Short descriptive text snippets:
• • • •
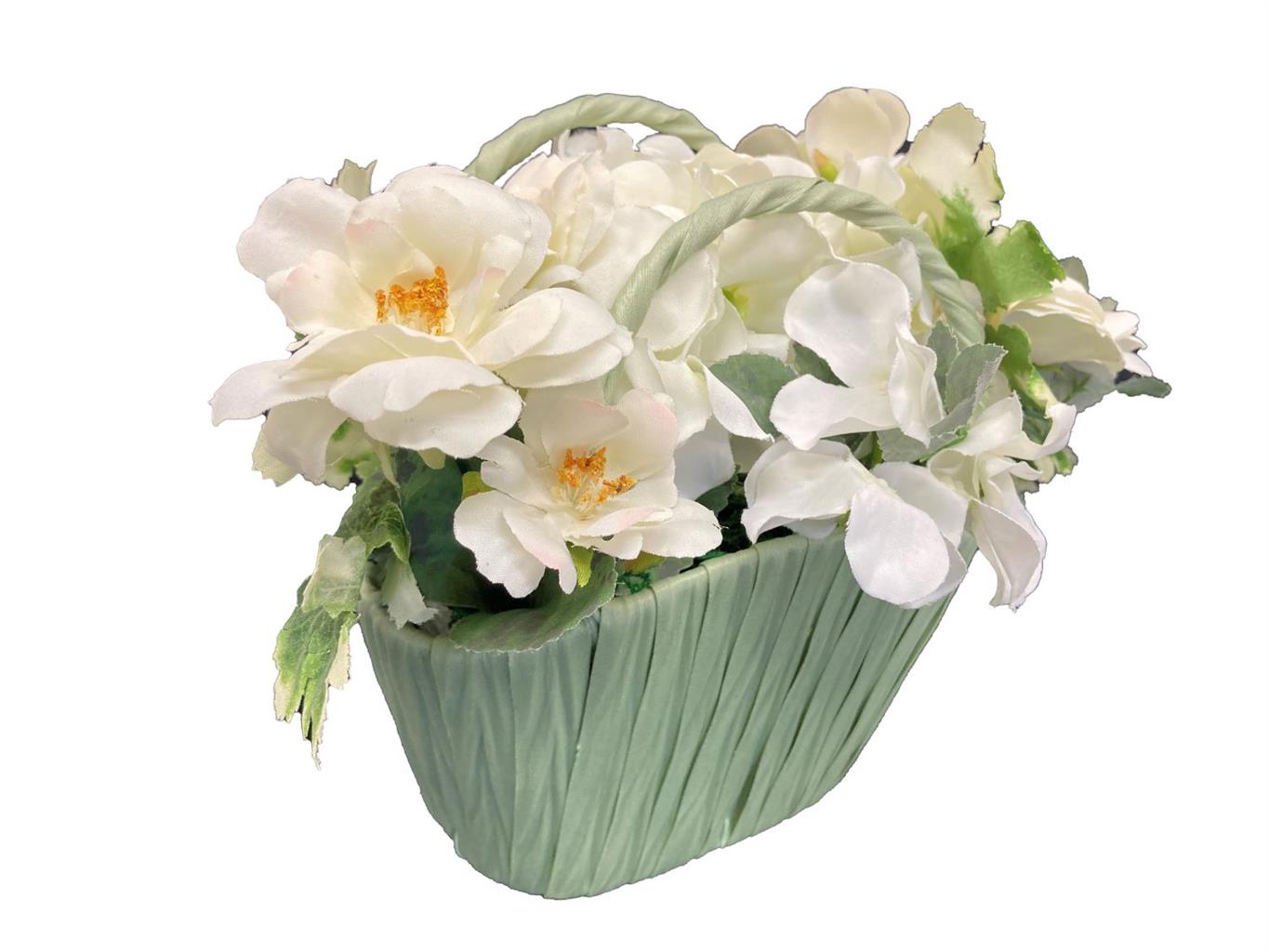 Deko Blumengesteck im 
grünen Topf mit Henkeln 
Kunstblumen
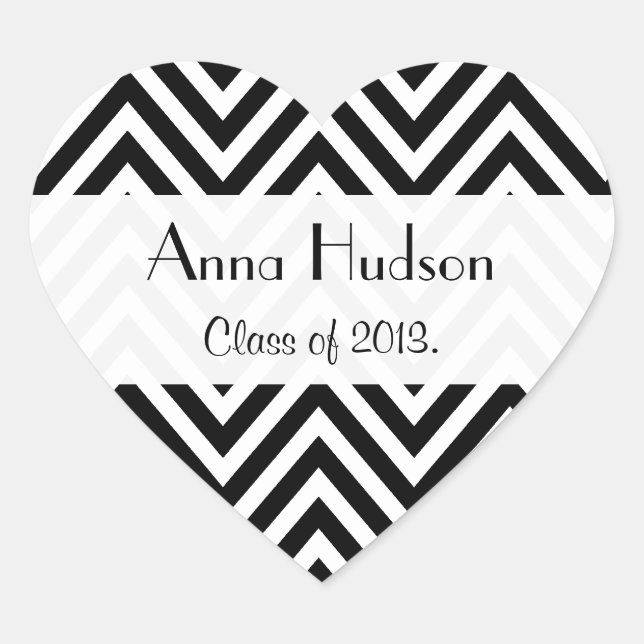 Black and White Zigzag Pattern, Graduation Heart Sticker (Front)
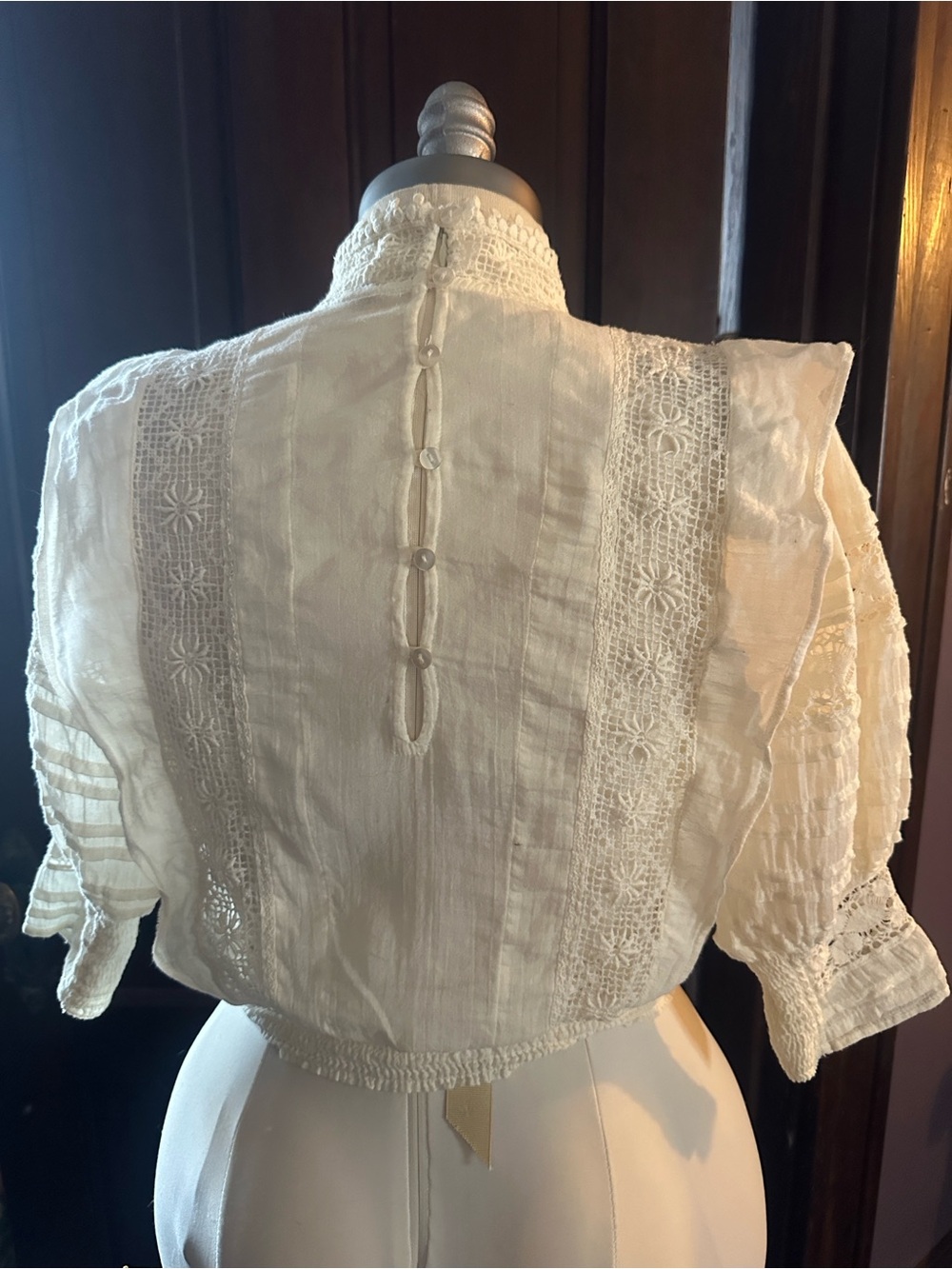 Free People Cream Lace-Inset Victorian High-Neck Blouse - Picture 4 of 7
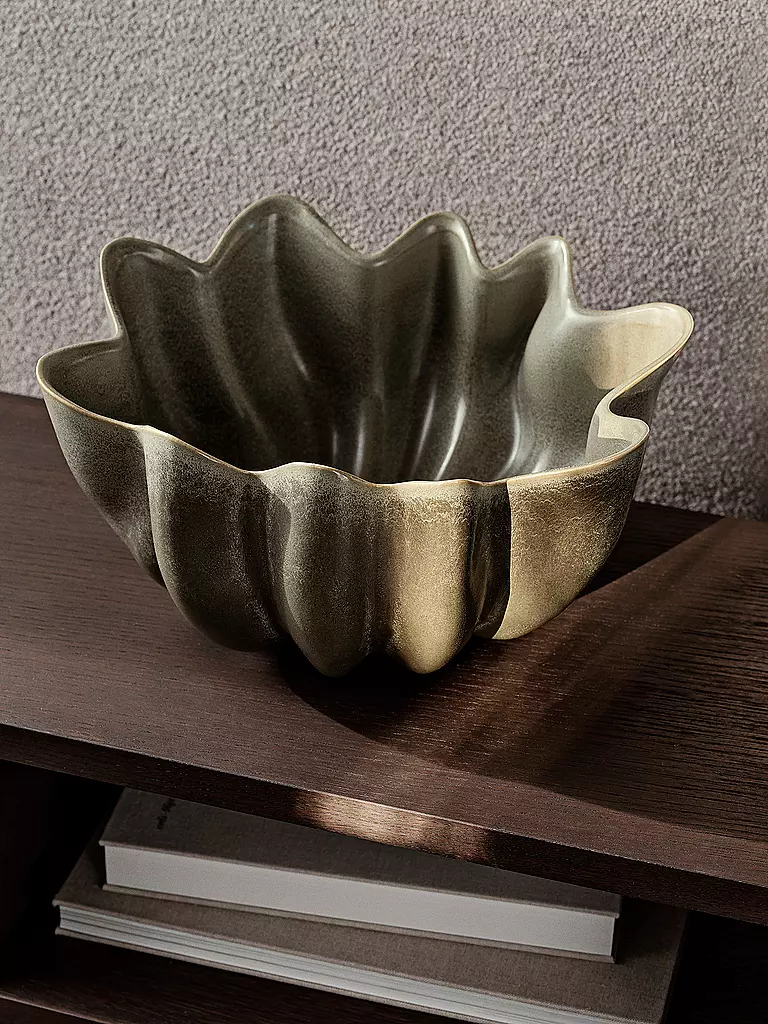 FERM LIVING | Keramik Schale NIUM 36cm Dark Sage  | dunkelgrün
• • • •
Starting at the line that contains "grünen Topf mit Henkeln", reproduce every line through the last one in the records exactly, and omit all pictures.

grünen Topf mit Henkeln 
Kunstblumen
 Black and White Zigzag Pattern, Graduation Heart Sticker (Front)
 Free People Cream Lace-Inset Victorian High-Neck Blouse - Picture 4 of 7
 FERM LIVING | Keramik Schale NIUM 36cm Dark Sage  | dunkelgrün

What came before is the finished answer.